▶ [WORK ORDER] Give the lines below again, exactly as they stand, and leave out the images.

▶ [SOURCE MATERIAL]
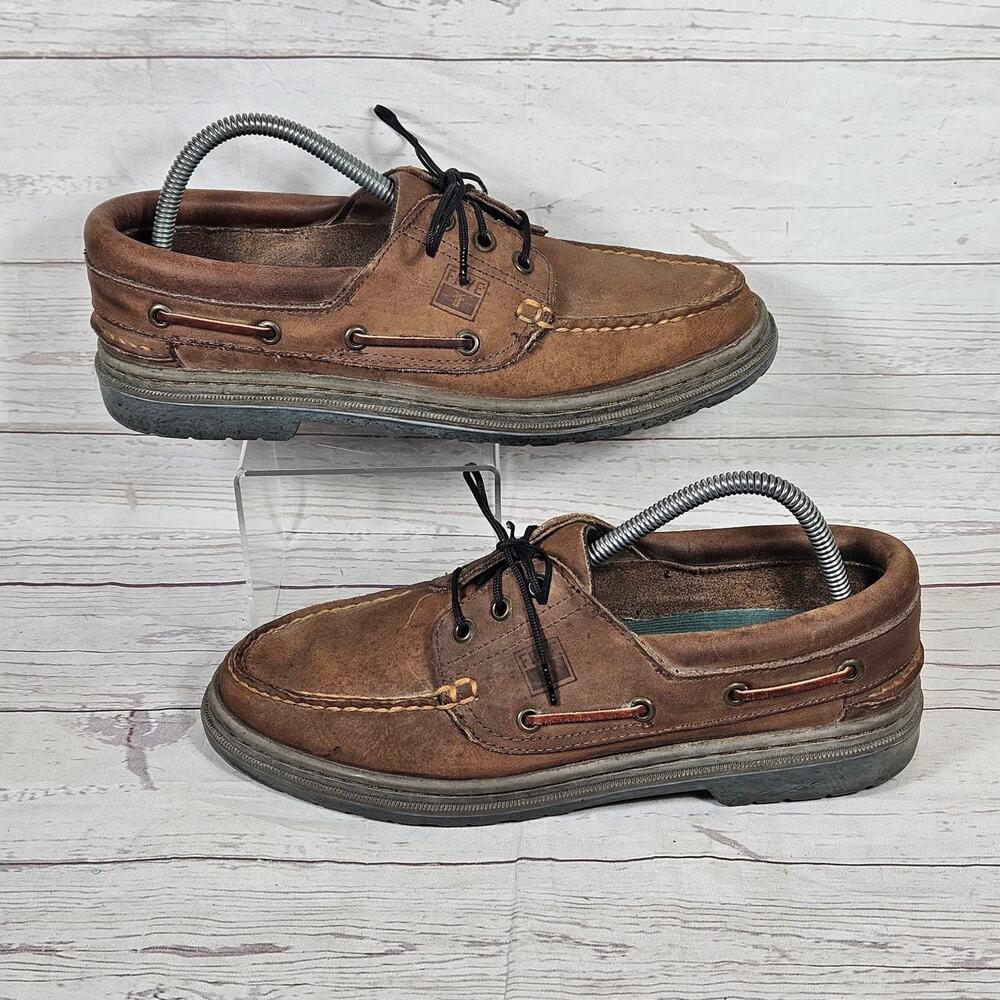 FRYE Apalachian Boat Shoes Men's Brown Leather 8.5 M Moc Toe Deck Shoes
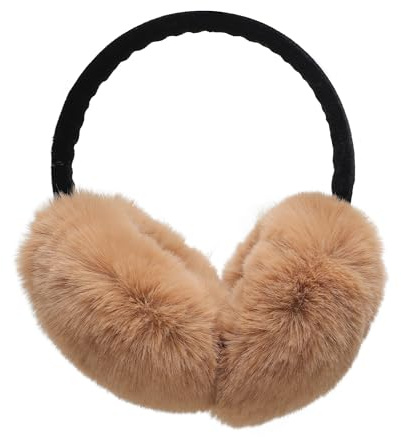 ZLYC Klassischer Damen Kinder Mädchen Verstellbarer Winter Ohrenschützer Ohrenwärmer mit Molton-Haarreifen(Pelziges Khaki)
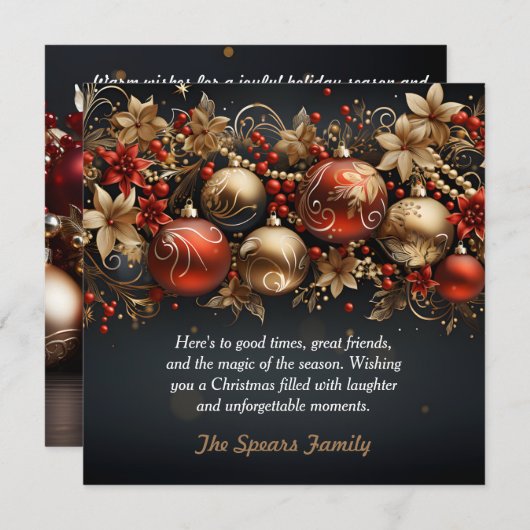 kerstkaart met blaasjes (Voorkant / Achterkant)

▶ [EXPECTED OUTPUT]
 FRYE Apalachian Boat Shoes Men's Brown Leather 8.5 M Moc Toe Deck Shoes
 ZLYC Klassischer Damen Kinder Mädchen Verstellbarer Winter Ohrenschützer Ohrenwärmer mit Molton-Haarreifen(Pelziges Khaki)
 kerstkaart met blaasjes (Voorkant / Achterkant)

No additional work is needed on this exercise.